Challenges remain in closing the poverty-related attainment gap almost six years into a £750 million drive to help Scotland’s most deprived pupils.
The Attainment Scotland Fund was launched by the Scottish Government in February 2015 to improve the prospects of schoolchildren from the poorest areas.
Since then Dundee City Council – declared one of nine Challenge Authorities due to its high concentration of deprivation – has been given £18 million, and Fife Council has been given £3m for schools with significant proportions of pupils from poorer areas.
In addition schools in all areas of Scotland have shared in £242m of Pupil Equity Fund grants for head teachers to spend on initiatives within schools.
The latest evaluation of the campaign’s success was conducted before schools were closed by the Covid-19 lockdown, which is expected to have impacted on attainment.
Even then, it found no consistent pattern of improvement had been shown in bringing attainment of pupils in the poorest areas closer to those of the most affluent areas.
However, the government said that nine out of 10 head teachers surveyed reported seeing an improvement, and pointed to “systemic change” in culture and ethos and a “greater understanding” of barriers faced by pupils from disadvantaged communities.
Education Secretary John Swinney said: “It is extremely encouraging that the overwhelming majority of headteachers – 91% – are noticing improvements in reducing the poverty-related attainment gap as a result of ASF supported approaches.”
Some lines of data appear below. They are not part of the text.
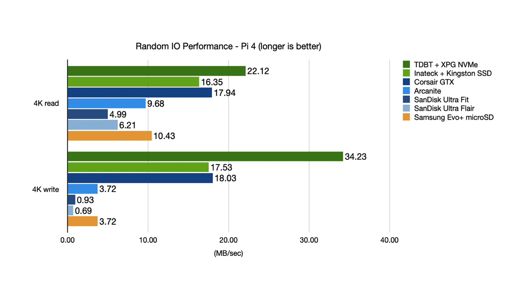Moving on to random 4K performance, we see a bit more of a complex picture. The performance of the older flash drives remains abysmal, with even the microSD card trouncing them in random 4K performance. But the Arcanite also falls off quite a bit in comparison to the SSDs and the Corsair. The XPG NVMe drive trounces all the other options for writes. So overall, it looks like a decent quality NVMe drive and USB enclosure is going to give the best possible performance, and the Corsair GTX is by far the fastest USB flash drive I've ever tested.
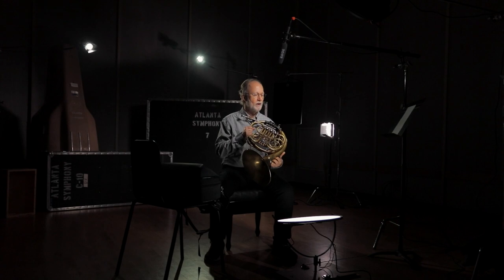In my job description, I'm fourth horn, which means that I put the bottom on the chords, play with the section in the chords, and play the lines that lay in the lower part of the instrument. So for me, this instrument serves the purpose very well. It's a brass instrument in the sense that we have a mouthpiece that we buzz into, like a trumpet or a trombone.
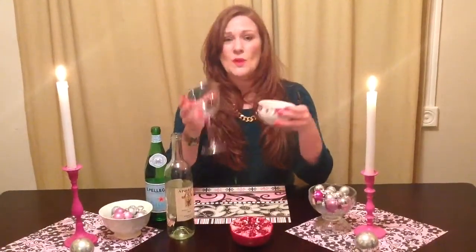First you want to take your wine glass. You can use ice if you want, or you don't have to. I don't like to because I think ice waters it down. But if you do use ice and you're getting it out of your refrigerator, do not use this glass because it will break it.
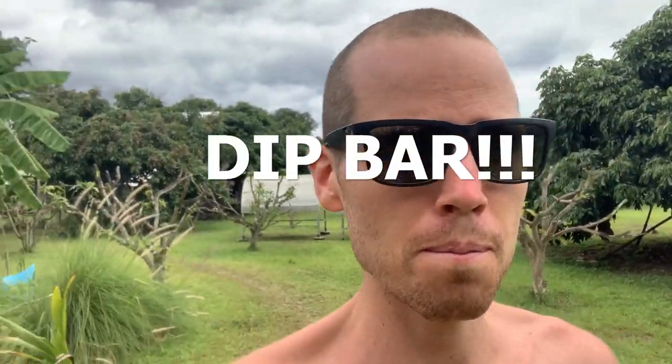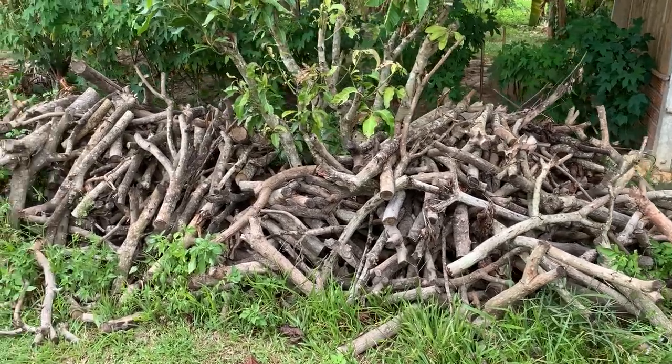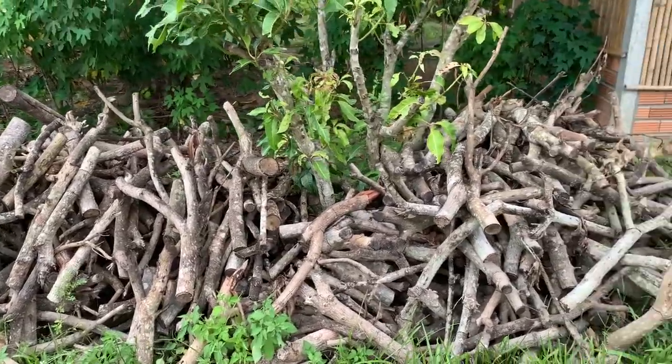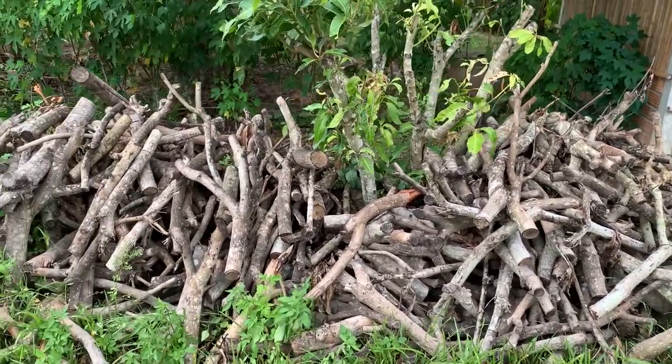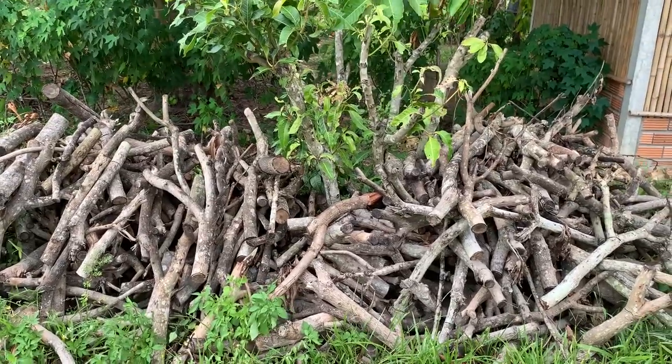Sawadee kap, hello everyone! Today I'm going to show you how I'm going to make a pull-up bar made from cut-up branches from mango trees. We have a lot of material we can use. Everyone who has a garden, or has a friend with a garden and a lot of branches, you don't need to go and buy wood — you can just use those branches because they are quite strong.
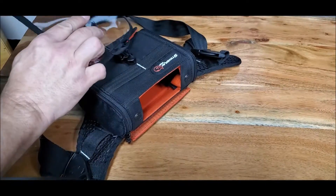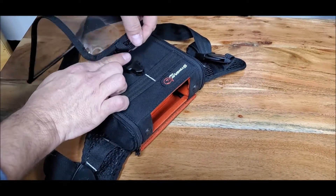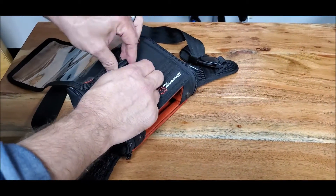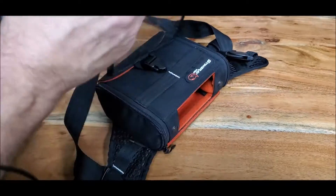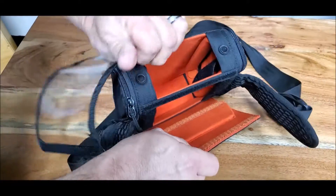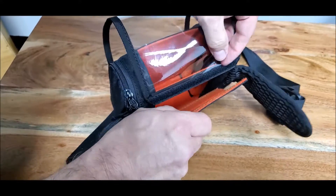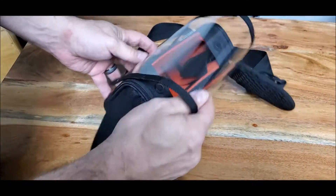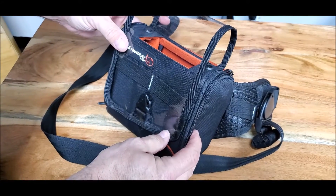You take the little loop, put the buckle through the loop like this, lock it in place, and then make sure you open the kickstand and fit the clear shield right in between the kickstand and the back. There you go, clear shield mounted.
Where has the gap narrowed or widened?
Findings of the year four evaluation for 2018/19 were:
- In primary schools the gap narrowed for literacy attainment but widened slightly for numeracy between 2017 and 2019;
- For secondary pupils the gap narrowed for numeracy but for literacy widened slightly in Challenge Authorities;
- At National 5 level the gap narrowed slightly for Challenge Authorities but widened slightly for non-Challenge Authorities.
- At Higher and Advanced Higher level the gap narrowed.
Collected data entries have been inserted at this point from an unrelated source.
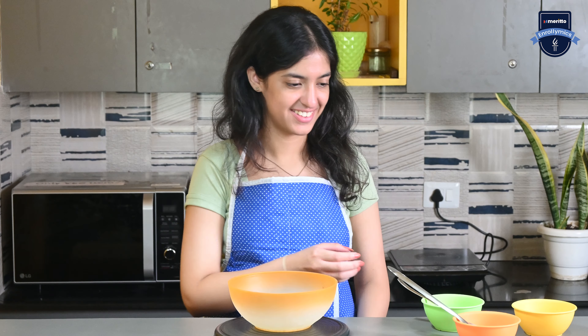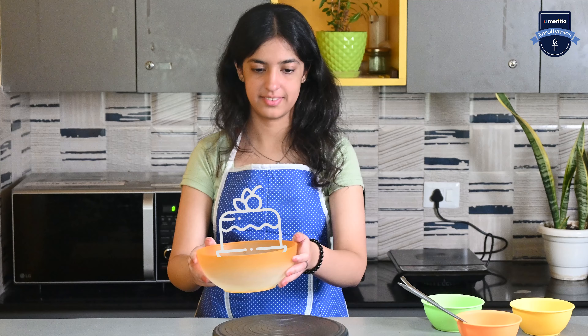Now mix all of these ingredients together and then put it in the microwave for 45 minutes. The end result will be you cooking up success in no time. Happy cooking and more enrolments to you!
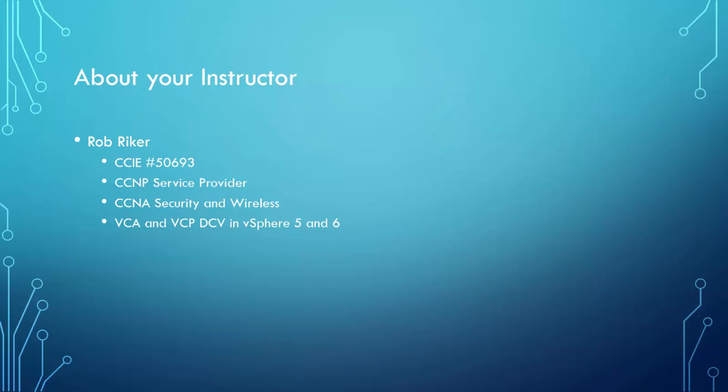Everything else you connect into the network — whether it's security, service provider, wireless, or data center — all those additional specialization tracks, in one way or another, connect back into the main trunk of the network. They all have to connect back into the regular LAN and WAN, which is what we're going to be focusing on. That's the key reason why I focused on route-switch as the main track.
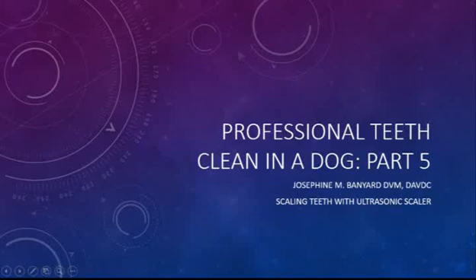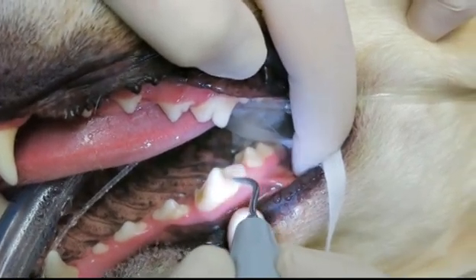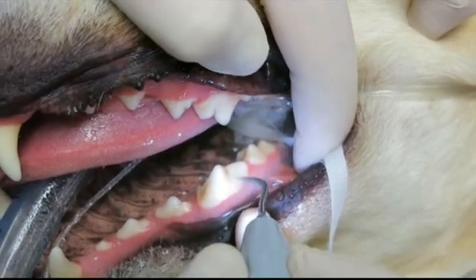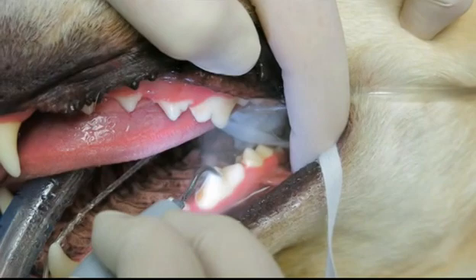Hi, I'm pet dentist Jo Banyard, and in this video I will scale my patient's teeth with an ultrasonic scaler. Don't want to be on each tooth for too long — don't want to heat it up — but there's cold water coming out, cooling down the tooth and the instrument.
Data was given for Dundee schools which showed 65.5% of primary pupils achieving expected levels for literacy in the most deprived areas in 2018/19, compared to 84.5% in the least deprived.
At National 5 level (SCQF 5) 68% of pupils in the most deprived areas achieved a pass, compared to 93.5% in the least deprived areas. At Higher level (SCQF 6) the percentages were 39 and 75.7, respectively.
The report concluded that assessment of progress in closing the gap was “nuanced”.
It said “there are aspects which indicate positive progress” but added: “The overall trends emerging from the attainment data demonstrate the challenge which remains related to closing the poverty-related attainment gap between the most and least deprived pupils.
“This reaffirms that the commitment to closing the poverty-related attainment gap is a long term one with a need to work in partnership to facilitate, broker and support action to maximise the progress towards closing the poverty-related attainment gap.”
Future analysis, it said, would also need to explore the impact of Covid-19 on ASF in seeking to close the poverty-related attainment gap.
The overall trends… demonstrate the challenge which remains related to closing the poverty-related attainment gap between the most and least deprived pupils.”
Scottish Government report
The report concluded there was “some progress” in closing the attainment gap but the picture was varied and quantitative measures “do not yet show a consistent pattern of improvement”.
Positive progress had been made in a number of areas, it said, including the development of embedded and sustained practices to address the impact of the gap, positive developments across the education system towards inclusive practices and reported evidence of perceived impact.
A survey of more than 1,100 head teachers reported found 98% expect to see the gap closing over the next five year.
Mr Swinney said: “This remains central to our plans and with the challenges presented by the current pandemic our efforts to deliver equity in education are more important than ever.
“Our policies have resulted in the highest level of education investment per person across the UK.
“This year alone we are investing a further £182 million through the Attainment Scotland Fund, and have confirmed that, for the first time, more than £250 million of Pupil Equity Funding will be made available to 97% of schools over two years in 2020/21 and 2021/22.
“Our commitment is a long term one and that is why we will extend the Scottish Attainment Challenge for a further year beyond this parliamentary term at current funding levels for 2021/22.”